* [Supplied material]
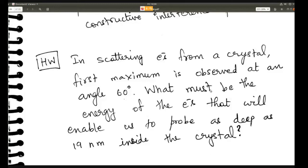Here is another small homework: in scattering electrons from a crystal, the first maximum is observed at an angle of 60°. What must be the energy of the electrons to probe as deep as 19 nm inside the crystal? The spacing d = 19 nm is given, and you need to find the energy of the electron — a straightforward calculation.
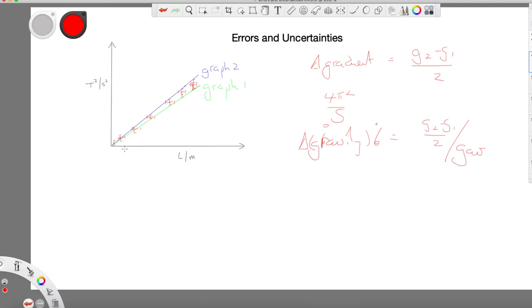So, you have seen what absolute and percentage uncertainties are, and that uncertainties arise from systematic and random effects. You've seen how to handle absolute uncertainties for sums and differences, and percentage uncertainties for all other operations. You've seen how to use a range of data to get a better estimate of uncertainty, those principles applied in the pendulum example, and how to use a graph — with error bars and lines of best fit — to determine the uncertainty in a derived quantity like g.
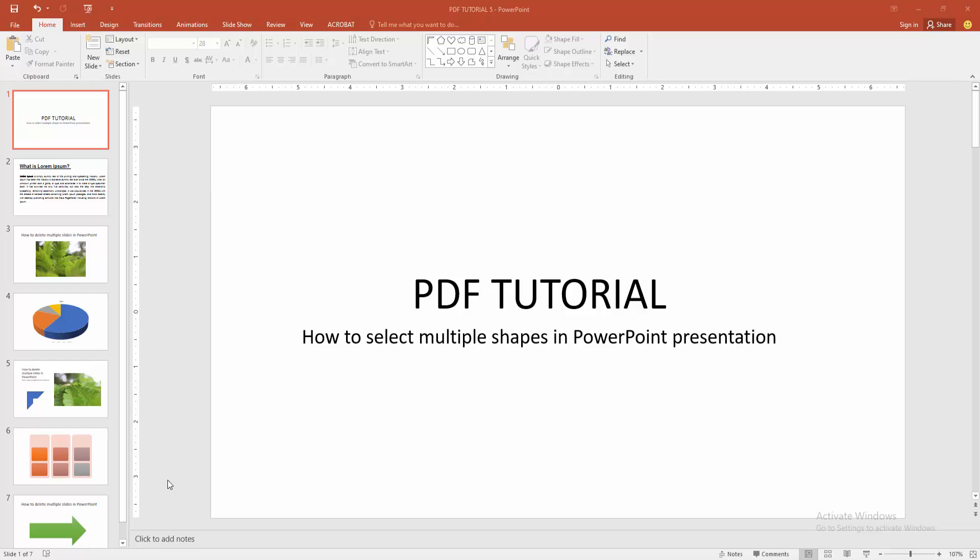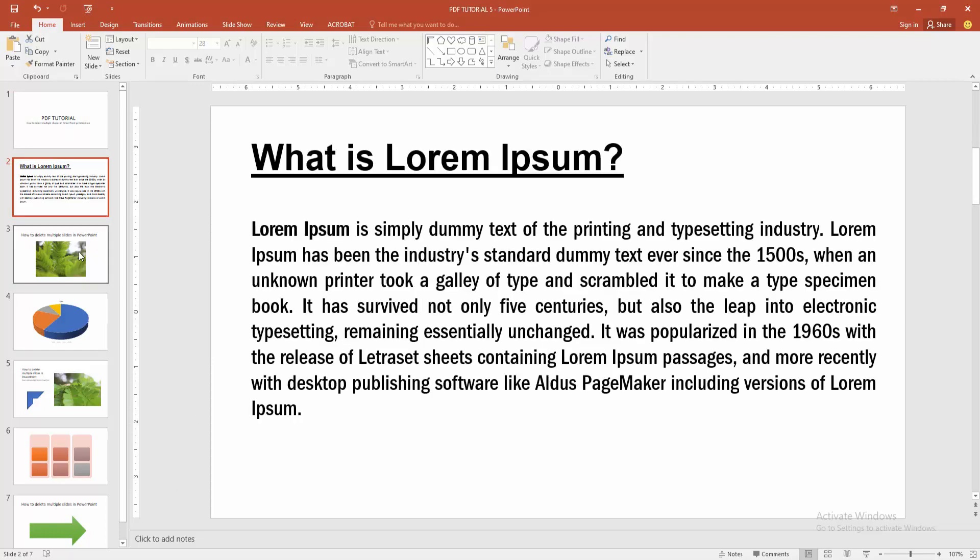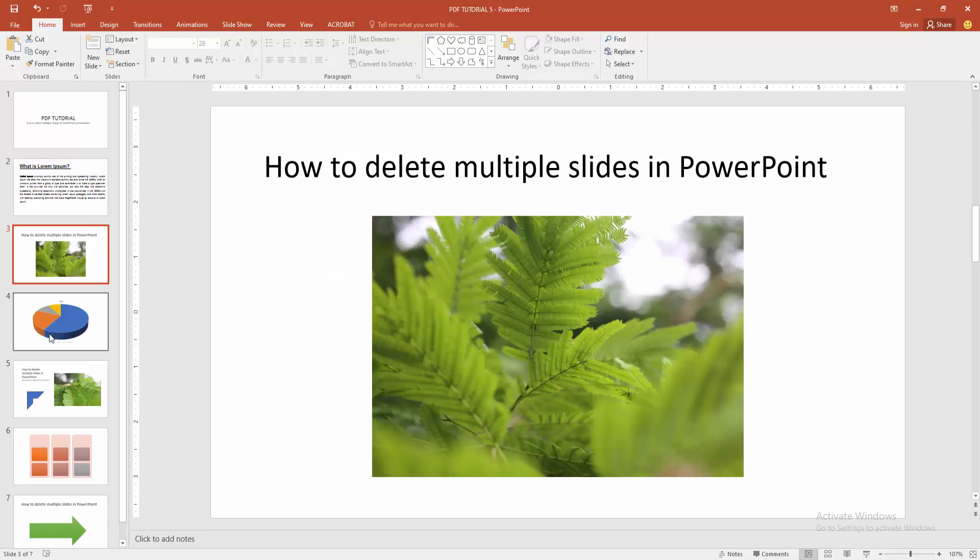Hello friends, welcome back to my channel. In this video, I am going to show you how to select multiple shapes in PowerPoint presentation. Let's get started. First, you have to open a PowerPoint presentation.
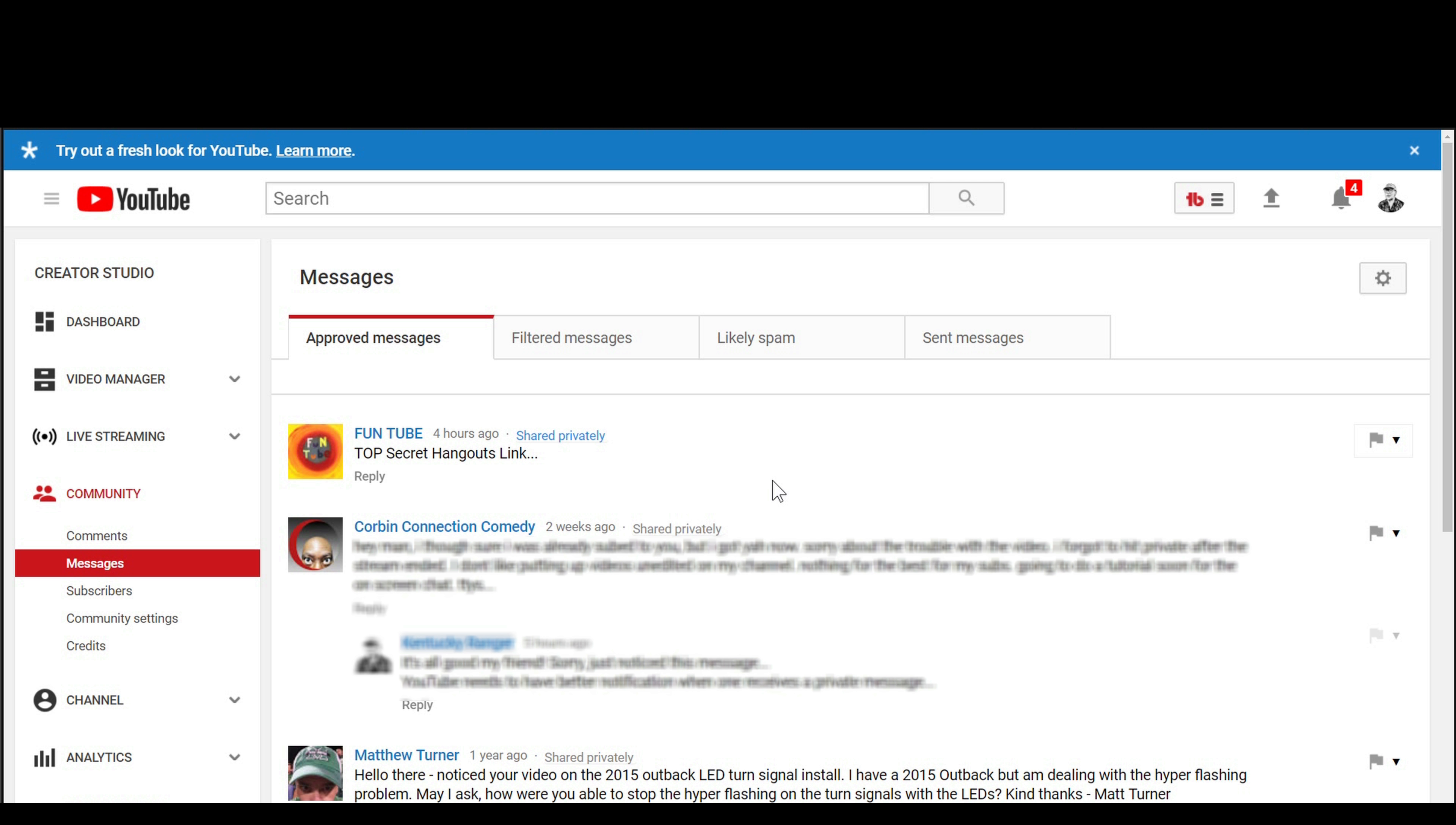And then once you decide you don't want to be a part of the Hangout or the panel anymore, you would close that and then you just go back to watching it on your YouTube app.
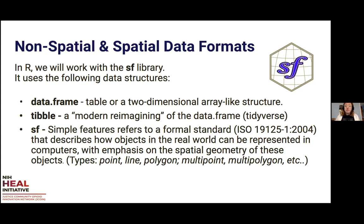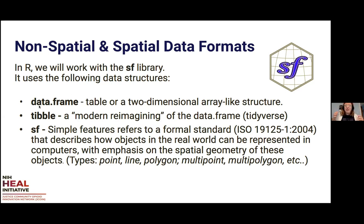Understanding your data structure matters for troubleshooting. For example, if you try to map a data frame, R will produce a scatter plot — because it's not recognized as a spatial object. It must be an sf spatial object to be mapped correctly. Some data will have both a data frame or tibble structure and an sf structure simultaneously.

* [Exercise goal] The expected output is every entry above, retyped exactly, with the pictures removed.

* [Solved problem]
Here is another small homework: in scattering electrons from a crystal, the first maximum is observed at an angle of 60°. What must be the energy of the electrons to probe as deep as 19 nm inside the crystal? The spacing d = 19 nm is given, and you need to find the energy of the electron — a straightforward calculation.
So, you have seen what absolute and percentage uncertainties are, and that uncertainties arise from systematic and random effects. You've seen how to handle absolute uncertainties for sums and differences, and percentage uncertainties for all other operations. You've seen how to use a range of data to get a better estimate of uncertainty, those principles applied in the pendulum example, and how to use a graph — with error bars and lines of best fit — to determine the uncertainty in a derived quantity like g.
Hello friends, welcome back to my channel. In this video, I am going to show you how to select multiple shapes in PowerPoint presentation. Let's get started. First, you have to open a PowerPoint presentation.
And then once you decide you don't want to be a part of the Hangout or the panel anymore, you would close that and then you just go back to watching it on your YouTube app.
Understanding your data structure matters for troubleshooting. For example, if you try to map a data frame, R will produce a scatter plot — because it's not recognized as a spatial object. It must be an sf spatial object to be mapped correctly. Some data will have both a data frame or tibble structure and an sf structure simultaneously.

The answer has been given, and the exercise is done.